(YOUR INSTRUCTIONS) Leave out the pictures and retype, exactly, the lines below from the line with "MERCEDES-BENZ C200 - Imagem 17" up to and including the line with "[MD포토] 나성범 '오스틴 허탈하게 만든 9회 역전 홈런'", nothing more.

(EXTRACTED RECORDS)
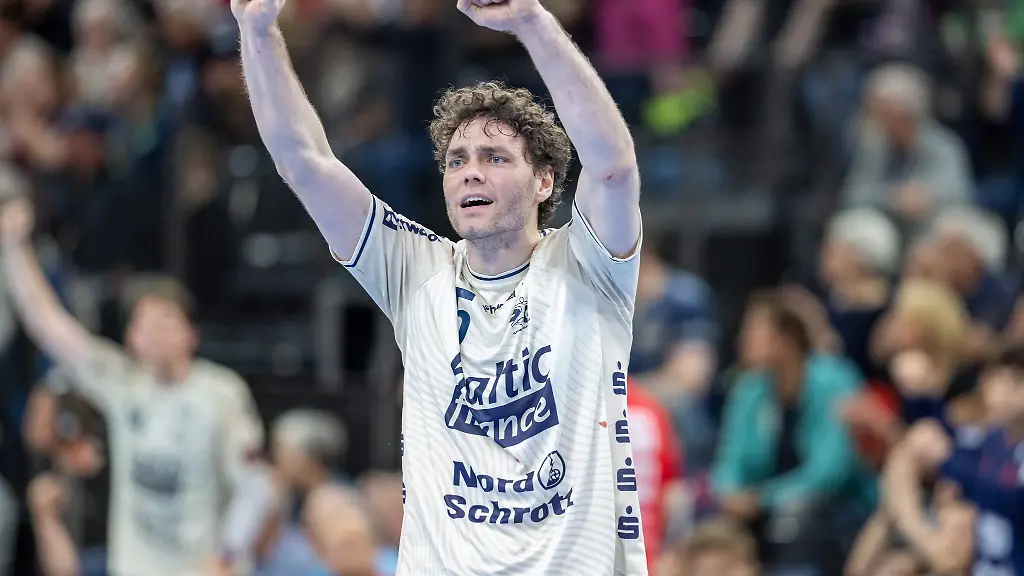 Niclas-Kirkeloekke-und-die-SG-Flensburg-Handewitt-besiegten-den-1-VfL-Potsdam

--

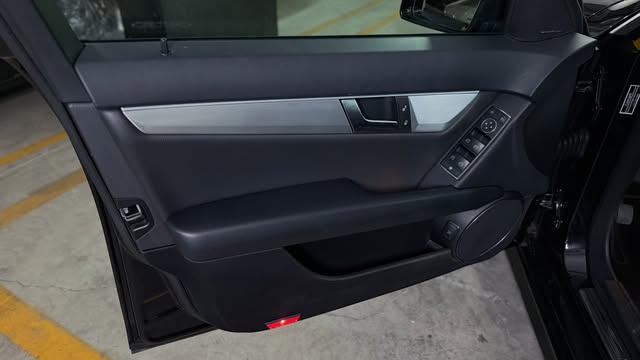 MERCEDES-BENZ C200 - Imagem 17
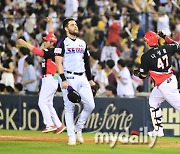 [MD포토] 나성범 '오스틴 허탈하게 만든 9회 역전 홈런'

(WRITTEN SOLUTION)
 MERCEDES-BENZ C200 - Imagem 17
 [MD포토] 나성범 '오스틴 허탈하게 만든 9회 역전 홈런'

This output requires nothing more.